Meski pertunjukan kesenian Ondel-ondel saat ini lebih ditujukan untuk hiburan semata, namun ritual magis masih dipertahankan oleh sebagian masyarakat Betawi terutama di daerah Jakarta Timur. Upacara ukup atau ngukup tetap mengambil bagian dalam acara bersih kampung, sedekah bumi, dan nyadran juga sebagai simbol meminta rahmat perlindungan sebelum petani menanam benih atau nelayan menebar jalanya di lautan lepas.

Keberadaan Ondel-ondel sebagai simbol dan budaya Jakarta juga terus dipertahankan oleh para seniman jalanan di ibu kota yang memainkan Ondel-ondel keliling kota. Istilahnya ngamen. Namun, bila Ondel-ondel dalam sejarahnya berkeliling sebagai bagian dari ritual magis, kini para seniman jalanan mengarak Ondel-ondel tujuan mencari nafkah hidup.

Keberadaan para seniman jalanan Ondel-ondel harus diakui turut menjaga eksistensi Ondel-ondel. Kendati begitu, Yahya berharap pemerintah lebih memberikan perhatiannya kepada sangar-sanggar kesenian Ondel-ondel. Lembaga Kebudayaan Betawi, menurut Yahya, telah memberikan saran kepada Pemda Jakarta agar menyediakan alokasi anggaran APBD berupa pemberian subsidi. Program itu disebut BOS, yaitu Biaya Operasional Sanggar.
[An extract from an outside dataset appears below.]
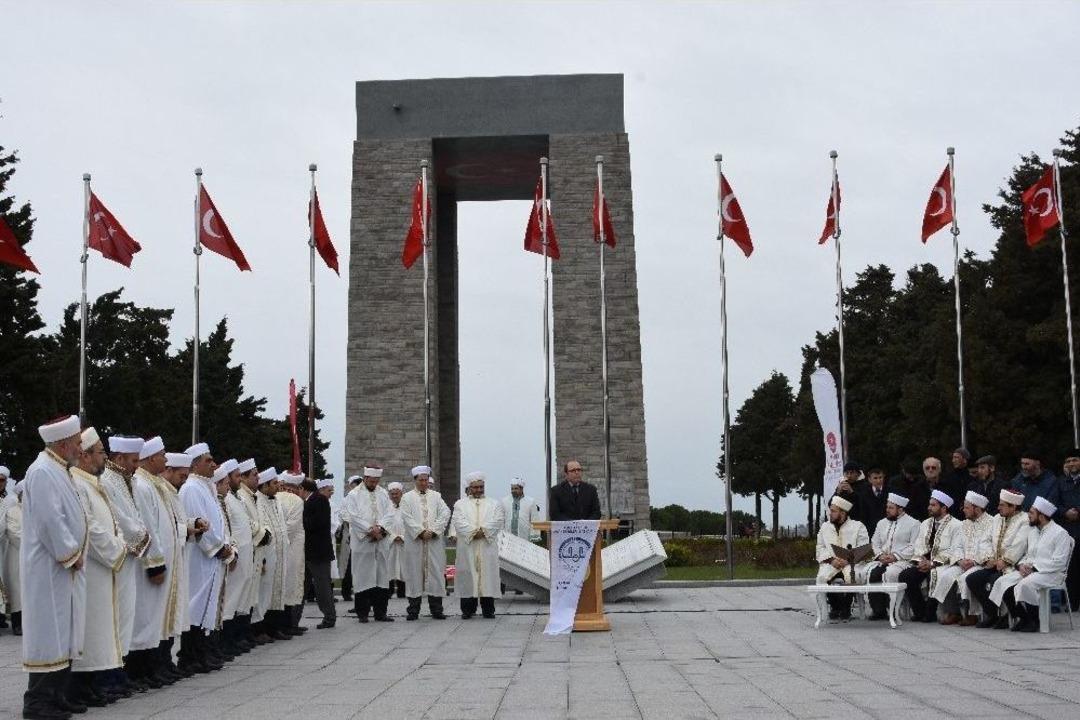 Afrin&rsquo;deki Mehmet&ccedil;ikler İ&ccedil;in Şehitler Abidesi&rsquo;nde Dua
Maklum, sekitar 25 sanggar Ondel-ondel yang tersebar di wilayah DKI Jakarta dan sekitarnya, sangat membutuhkan uluran dana untuk biaya pemeliharaan alat musik dan seragam. “Kami juga masih menunggu pemerintah menyetujui rancangan peraturan daerah pelestarian kebudayaan Betawi yang telah selesai kami susun sejak tahun 2011. Rancangan ini hasil Kongres Kebudayaan Betawi yang diselenggarakan Bamus Betawi dan PDinas Pariwisata dan Kebudayaan Provinsi DKI Jakarta. Pemda harus segera meminta kepada DPRD untuk membahasnya. Secepatnya mengeluarkan peraturan daerah itu. Namun sampai sekarang belum ada,” ujar Yahya (ditulis oleh Mega Octaviani, dalam Majalah Suara Pemred, Tahun II, Edisi 23, Juli 2015).